Abortion will continue to be a key issue in U.S. politics, with the nation divided on what role the government should have in reproductive rights. In a Pew Center poll from August 2020, 46% of President Donald Trump’s supporters and 35% of challenger Joe Biden’s supporters described abortion as a very important factor in their voting.

In terms of the presidential race, for some voters, the election has been a referendum on abortion. In his last term, President Donald Trump instituted various changes that have hindered reproductive rights. He reintroduced the “global gag rule,” meaning U.S. government funds will not go to foreign groups that provide or inform about abortions, and similarly within the U.S., federal family planning dollars cannot go to organizations that provide or inform about abortions. Secretary of State Mike Pompeo recently signed the “Geneva Consensus Declaration,” which asserts that there is no international right to an abortion. Joe Biden has pledged to rescind the “global gag rule,” but has wavered on other policy matters like the Hyde Amendment which means that taxpayer money cannot be used to fund abortions except where there is rape, incest, or danger to the mother, a policy that impacts low-income women in particular.

With the passing of eminent Supreme Court Judge Ruth Bader Ginsburg in the month before the election, the stage was set for abortion to be at the forefront of the pre-electoral period. Republican politicians were determined to replace Ginsburg before the election, even though nine months before the 2016 election, they obstructed President Barack Obama’s Supreme Court candidate, Merrick Garland. The president’s nominee, Amy Coney Barrett, joined the Supreme Court just before the election took place. In his 2016 campaign, President Donald Trump promised to install judges who would overturn the landmark Supreme Court case that legalized abortion nationally, Roe Vs Wade, and in the confirmation hearings for Amy Coney Barrett, there was much speculation about how she might rule if Roe vs Wade was challenged in court. Barrett’s record on rulings in the federal court related to abortion is mixed, and it remains unclear how she would rule in a case to overturn Roe Vs Wade.

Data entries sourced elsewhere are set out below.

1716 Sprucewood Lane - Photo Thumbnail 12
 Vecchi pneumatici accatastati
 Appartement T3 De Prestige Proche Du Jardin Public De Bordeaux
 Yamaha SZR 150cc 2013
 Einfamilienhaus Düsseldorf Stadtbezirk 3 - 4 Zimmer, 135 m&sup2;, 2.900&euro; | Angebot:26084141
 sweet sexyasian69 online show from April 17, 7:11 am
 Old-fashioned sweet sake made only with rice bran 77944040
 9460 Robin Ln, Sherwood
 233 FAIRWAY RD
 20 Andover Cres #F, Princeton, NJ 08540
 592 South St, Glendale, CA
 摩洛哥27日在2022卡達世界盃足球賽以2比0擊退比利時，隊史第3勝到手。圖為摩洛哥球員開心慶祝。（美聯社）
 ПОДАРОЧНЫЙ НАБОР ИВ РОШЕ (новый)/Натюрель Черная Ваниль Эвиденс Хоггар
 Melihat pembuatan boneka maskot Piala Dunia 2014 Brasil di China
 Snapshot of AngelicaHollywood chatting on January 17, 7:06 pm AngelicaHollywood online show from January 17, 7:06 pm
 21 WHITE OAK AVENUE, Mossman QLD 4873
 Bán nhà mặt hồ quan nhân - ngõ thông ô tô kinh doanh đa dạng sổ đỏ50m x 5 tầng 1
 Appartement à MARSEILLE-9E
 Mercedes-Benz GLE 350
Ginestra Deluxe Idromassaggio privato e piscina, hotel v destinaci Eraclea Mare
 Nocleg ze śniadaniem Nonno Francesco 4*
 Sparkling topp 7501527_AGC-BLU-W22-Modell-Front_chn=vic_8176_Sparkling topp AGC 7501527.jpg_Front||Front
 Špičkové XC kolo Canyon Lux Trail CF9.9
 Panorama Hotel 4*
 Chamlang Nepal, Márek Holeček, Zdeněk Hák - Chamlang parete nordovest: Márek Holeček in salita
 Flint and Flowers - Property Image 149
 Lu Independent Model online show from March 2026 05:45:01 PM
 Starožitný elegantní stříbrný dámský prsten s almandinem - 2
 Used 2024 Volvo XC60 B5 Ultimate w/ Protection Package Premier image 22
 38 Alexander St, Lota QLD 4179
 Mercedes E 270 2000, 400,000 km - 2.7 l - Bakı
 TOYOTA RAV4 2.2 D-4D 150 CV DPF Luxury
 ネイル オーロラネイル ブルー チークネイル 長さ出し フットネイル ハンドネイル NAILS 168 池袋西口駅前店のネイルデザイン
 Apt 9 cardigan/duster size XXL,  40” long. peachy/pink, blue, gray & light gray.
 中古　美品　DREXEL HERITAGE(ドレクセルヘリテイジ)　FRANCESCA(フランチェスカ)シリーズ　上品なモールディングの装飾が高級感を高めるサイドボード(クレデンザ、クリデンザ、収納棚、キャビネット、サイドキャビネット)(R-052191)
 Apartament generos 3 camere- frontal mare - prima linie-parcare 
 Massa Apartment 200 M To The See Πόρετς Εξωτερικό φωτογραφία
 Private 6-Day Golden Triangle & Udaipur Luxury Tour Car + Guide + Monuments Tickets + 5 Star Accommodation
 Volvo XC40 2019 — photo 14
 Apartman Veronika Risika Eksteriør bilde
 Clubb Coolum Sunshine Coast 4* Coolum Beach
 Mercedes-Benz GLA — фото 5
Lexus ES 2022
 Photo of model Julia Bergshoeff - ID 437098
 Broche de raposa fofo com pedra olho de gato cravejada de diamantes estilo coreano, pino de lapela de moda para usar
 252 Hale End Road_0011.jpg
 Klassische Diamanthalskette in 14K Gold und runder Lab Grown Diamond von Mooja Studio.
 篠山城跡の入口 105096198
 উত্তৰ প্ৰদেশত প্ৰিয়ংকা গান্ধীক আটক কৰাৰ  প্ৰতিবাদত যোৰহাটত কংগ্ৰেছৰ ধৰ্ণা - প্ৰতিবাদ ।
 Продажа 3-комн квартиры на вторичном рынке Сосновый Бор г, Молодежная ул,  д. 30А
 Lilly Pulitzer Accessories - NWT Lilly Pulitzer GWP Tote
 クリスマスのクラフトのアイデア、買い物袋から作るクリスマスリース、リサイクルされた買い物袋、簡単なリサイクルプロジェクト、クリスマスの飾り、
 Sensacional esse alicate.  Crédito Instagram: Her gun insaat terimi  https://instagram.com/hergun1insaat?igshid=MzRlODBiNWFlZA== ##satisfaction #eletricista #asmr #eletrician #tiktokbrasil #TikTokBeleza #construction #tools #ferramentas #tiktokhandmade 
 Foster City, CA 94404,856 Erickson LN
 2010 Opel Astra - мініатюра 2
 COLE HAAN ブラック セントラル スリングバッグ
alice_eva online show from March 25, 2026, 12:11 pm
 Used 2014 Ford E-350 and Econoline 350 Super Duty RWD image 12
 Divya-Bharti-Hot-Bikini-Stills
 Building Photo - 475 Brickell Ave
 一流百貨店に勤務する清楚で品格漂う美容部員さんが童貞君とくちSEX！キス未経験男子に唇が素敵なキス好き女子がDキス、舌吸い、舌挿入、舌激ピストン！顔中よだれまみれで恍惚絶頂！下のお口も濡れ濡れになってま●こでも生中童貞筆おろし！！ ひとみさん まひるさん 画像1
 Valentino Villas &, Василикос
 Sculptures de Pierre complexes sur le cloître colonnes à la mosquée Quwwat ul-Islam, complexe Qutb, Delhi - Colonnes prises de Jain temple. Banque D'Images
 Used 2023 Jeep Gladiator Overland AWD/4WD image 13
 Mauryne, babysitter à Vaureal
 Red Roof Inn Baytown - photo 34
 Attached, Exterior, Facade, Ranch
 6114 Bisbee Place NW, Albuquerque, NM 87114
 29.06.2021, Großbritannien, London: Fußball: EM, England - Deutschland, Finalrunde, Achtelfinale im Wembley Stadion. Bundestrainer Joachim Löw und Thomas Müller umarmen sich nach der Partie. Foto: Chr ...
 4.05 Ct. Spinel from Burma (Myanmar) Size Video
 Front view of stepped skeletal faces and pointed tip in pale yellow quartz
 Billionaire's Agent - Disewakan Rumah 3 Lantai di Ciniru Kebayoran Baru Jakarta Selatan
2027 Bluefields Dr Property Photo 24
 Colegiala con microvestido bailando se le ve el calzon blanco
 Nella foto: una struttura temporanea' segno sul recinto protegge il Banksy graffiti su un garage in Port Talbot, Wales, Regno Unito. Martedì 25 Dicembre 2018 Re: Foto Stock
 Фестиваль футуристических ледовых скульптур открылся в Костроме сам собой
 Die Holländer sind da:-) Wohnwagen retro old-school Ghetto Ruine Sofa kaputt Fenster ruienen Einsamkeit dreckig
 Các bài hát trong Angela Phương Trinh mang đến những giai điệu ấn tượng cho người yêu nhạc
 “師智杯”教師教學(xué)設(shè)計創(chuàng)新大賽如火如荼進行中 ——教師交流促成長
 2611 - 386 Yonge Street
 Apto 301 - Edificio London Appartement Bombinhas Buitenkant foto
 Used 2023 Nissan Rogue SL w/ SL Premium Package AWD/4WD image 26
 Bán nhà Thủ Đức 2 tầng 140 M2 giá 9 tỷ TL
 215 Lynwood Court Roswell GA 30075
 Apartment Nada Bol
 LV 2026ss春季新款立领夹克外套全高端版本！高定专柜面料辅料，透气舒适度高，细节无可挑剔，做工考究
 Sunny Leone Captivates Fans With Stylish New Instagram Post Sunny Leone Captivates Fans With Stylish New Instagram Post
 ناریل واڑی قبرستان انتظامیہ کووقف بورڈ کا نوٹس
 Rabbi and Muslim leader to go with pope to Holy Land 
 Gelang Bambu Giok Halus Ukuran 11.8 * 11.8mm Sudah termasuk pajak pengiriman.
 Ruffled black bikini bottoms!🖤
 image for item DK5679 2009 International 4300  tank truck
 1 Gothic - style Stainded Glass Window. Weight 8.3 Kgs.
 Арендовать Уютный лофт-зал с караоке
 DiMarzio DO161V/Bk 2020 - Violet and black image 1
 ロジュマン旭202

This pre-election maneuver means that the political outlook for Roe vs Wade is far more precarious than it has ever been, and this has been bolstered in some states where amendments for the 2020 election are undermining reproductive rights. In Louisiana, an amendment was passed which creates language in the state constitution stating that abortion is not a right. The amendment passed by 62% of the vote, and it lays groundwork so that if Roe vs Wade is ever overturned, abortion will definitely be illegal in the state of Louisiana. Twenty-two states in the U.S., including Louisiana, have already banned abortion after 20-24 weeks of pregnancy except in cases of life or health endangerment. These amendments create confusion about whether abortion is available or not. Other states have voted down amendments that sought to restrict reproductive rights. In Colorado, 60% of voters rejected a law that would have made abortion illegal after 22 weeks of pregnancy (except in life endangerment) and also would have criminalized doctors for performing them. These differing results suggest the U.S. is a nation divided in beliefs about abortion.

America’s views about abortion, however, have remained steady over the last 50 years. 50% of Americans believe that abortion should be legal in certain circumstances, 29% believe it should be legal under any circumstances, and 20% believe it should be illegal. Only 0.5% of Americans believe that abortion is one of the most significant problems in the country. The majority believe that abortion should be legal under most circumstances, which begs the question, why has the anti-abortion movement gained such ground?

A consistent campaign by anti-abortion movements has sought to place sympathetic politicians in office. One take-away from this election is that there has been a significant surge in Republican women in office, many of them anti-abortion in their views. Abortion, however, has also become a rallying cry for pro-choice campaigners; for example, the unexpected numbers of Democratic voters in Georgia might be in part because of t, which helped to execute a get-out-the-vote campaign for Democratic candidates up and down the ballot.

Overall, the 2020 election has yielded mixed results for anti-abortion movements. If Roe vs Wade is taken to the Supreme Court, it is unclear what the result will be, and there are more anti-abortion politicians in office. It is clear however from statistical analysis of views on abortion and the result in Colorado that a ban on abortion is not what most Americans want, and if the race for the presidency was a referendum on abortion, the result is not what anti-abortion movements would have hoped for.